Choosing databases

The recent explosion of database technologies gives teams a wide range of options, and the chance to tick off “NoSQL” on the buzzword bingo scorecard. Each paradigm, and each product, has its own set of features, that may or may not make it applicable to any given project. The easiest trap to fall into is to choose a more exotic data option too quickly, perhaps one where the features and strengths aren’t needed, but where the weaknesses significantly impede the delivery of the functionality the business actually needs. Without a good architectural design that isolates the database and other infrastructure from the core of the application, this can be very expensive to rectify. I’ve seen this go well for teams, and I’ve seen it go very badly.

The main thing to understand with the plethora of different database options is that each has its own strengths, where it is designed from the ground up to excel, but this is often a trade-off, sometimes coming with whole other areas of functionality omitted completely or (deliberately) sacrificed. I try to think of each as a “radar chart” of its relative strengths – draw a circle with the key attributes or functionalities around the edge, and score each by placing a dot at the corresponding distance from the centre. A strong all-round database will have something that looks like a circle – probably never being the outright winner for any criteria, but never being particularly bad either. A highly specialized database will have sharp spikes for its strengths, but may have some other features that don’t exist at all. For example, the tried-and-tested SQL databases are a good example of a generalist; they have evolved so much that there are very few use cases that are particularly bad or impossible, but at the same time there are many use cases where a specialist will beat them, such as ease of development relative to a schemaless document store, or for retrieving a single complex object relative to a key-value store. Meanwhile a specialist database like MongoDb has cases where it is very strong, like loading and saving a single entity, but areas such as aggregation and querying, or modelling relationships between entities, where it is much more limited than other options. If you have a business domain that needs lots of complex queries – such as a reporting tool – it’s highly likely that a document store won’t be the right fit, but if you’re making something like a mobile game, where each user acts in relative isolation from others, the overhead of joins and relational models is just not needed.

 

By far the worst thing I’ve seen a team do is make the decision to write their own database. Serious considerations in choosing something that will hold your business’s valuable production data should include the less shiny but essential things – security, reliability, performance at scale, robustness, ease of maintenance and so on. Hundreds or thousands of man-years or more go into battle-testing databases, and asking your business to pay that cost or to gamble on skipping that is extremely irresponsible to say the least. There are going to be lots of edge cases you just don’t have the time to engineer for, and frankly it’s a massive waste of money when there are so many options out there.

I’d highly recommend a newcomer to the world of NoSql databases – which many interpret as “not only SQL” rather than “no SQL” – a great place to start is by reading Martin Fowler’s book. The book describes some of the most popular database paradigms, with examples based on a popular product in each category. It’s also not difficult to find a lot of comparisons other people have already done, with big feature tables and opinion. Take every opinion in context though; if the reviewer’s needs don’t match your project, then the weighting they attach to features will be almost irrelevant. The opinions I find most valuable are those from people who have got an experience of supporting the database in production – they might be able to save you the dreaded awkward 2am phone calls!
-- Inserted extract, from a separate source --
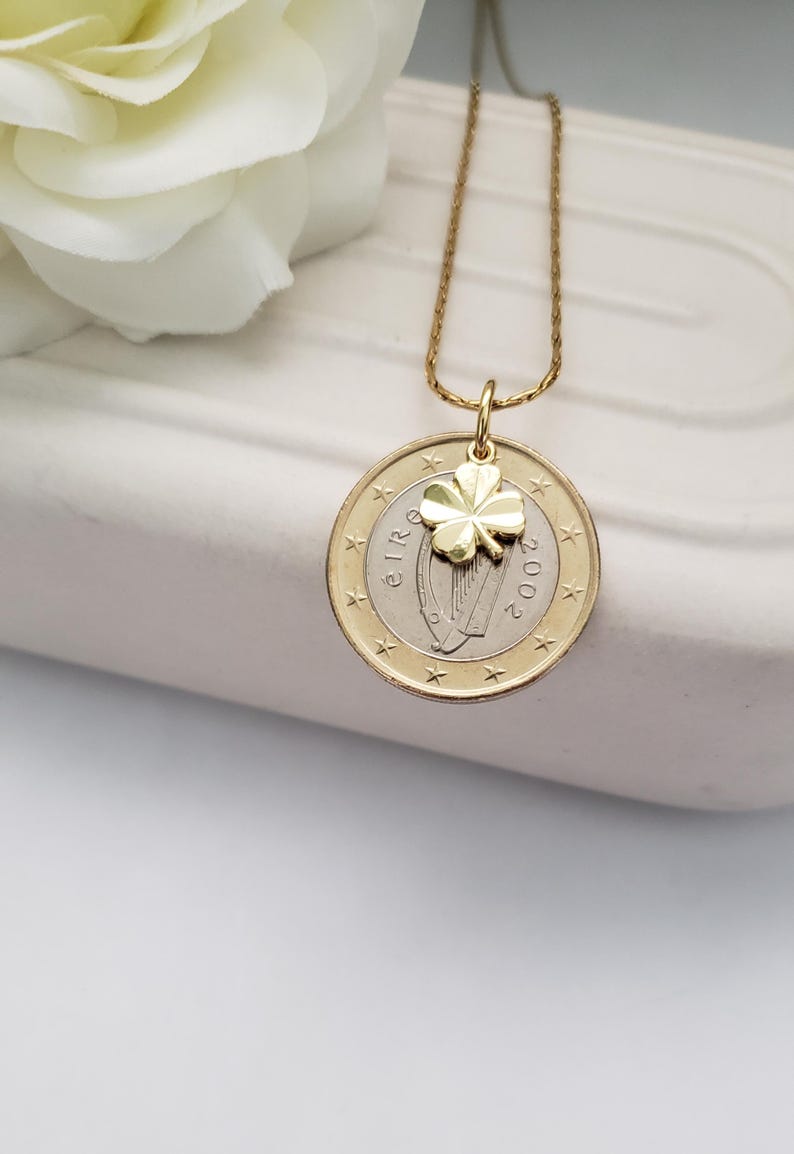 May include: Gold necklace with a 2002 Irish Euro coin pendant featuring a harp and a gold four-leaf clover charm.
Consider the delivery team you’re working with; what will give them the best delivery experience? Also, respect the skills and knowledge your organization have and their degree of willingness to pick up new things; if you have an organization with a more traditional operations setup, you as a developer will need to win them over to anything unfamiliar – make sure time and resources for that knowledge sharing are included. It’s a good idea to start early, and involve the people who will be supporting the application. Get a list of their requirements and the things they want to know how to do, and treat these support requirements fairly in prioritization.

Another factor to consider is your overall solution architecture. One of the big benefits of adopting a service oriented architecture, where each service is independent and responsible for its own behavior and data, is that the services don’t all have to be the same. If there is a service that is particularly suited to a certain category of database, then the other services shouldn’t even know, because the decision is encapsulated. The data owned by a service should be exposed by application level APIs only, rather than offering integration directly at database level. This also lowers the risk of changing database technology later, because you will be able to reason about the extent of the impact of the change, which should be only the service that owns the particular database.

Often the start of a project is when teams know least about their requirements, which will emerge over time. An approach I quite like is to choose a generalist database – normally SQL – to start off with, as it will be familiar to the team who are probably already busy learning the new domain and project and any other new technologies that have been introduced. Make this choice in the full knowledge it could be wrong, and encourage the team to make every effort not to “paint themselves into a corner”. As you learn more about the problem space, it will either become obvious that there is a better option, in which case switch to it when the time is right, or it will become obvious that the original choice was “good enough” and that there is no need to change. It may also become obvious that there are sub-parts of the solution that have very different needs, which may be the point at which these become separate services, broken off from the others and with their own separate database. Either way, this deferred decision is made with far more information to guide it, and that’s what agility is all about.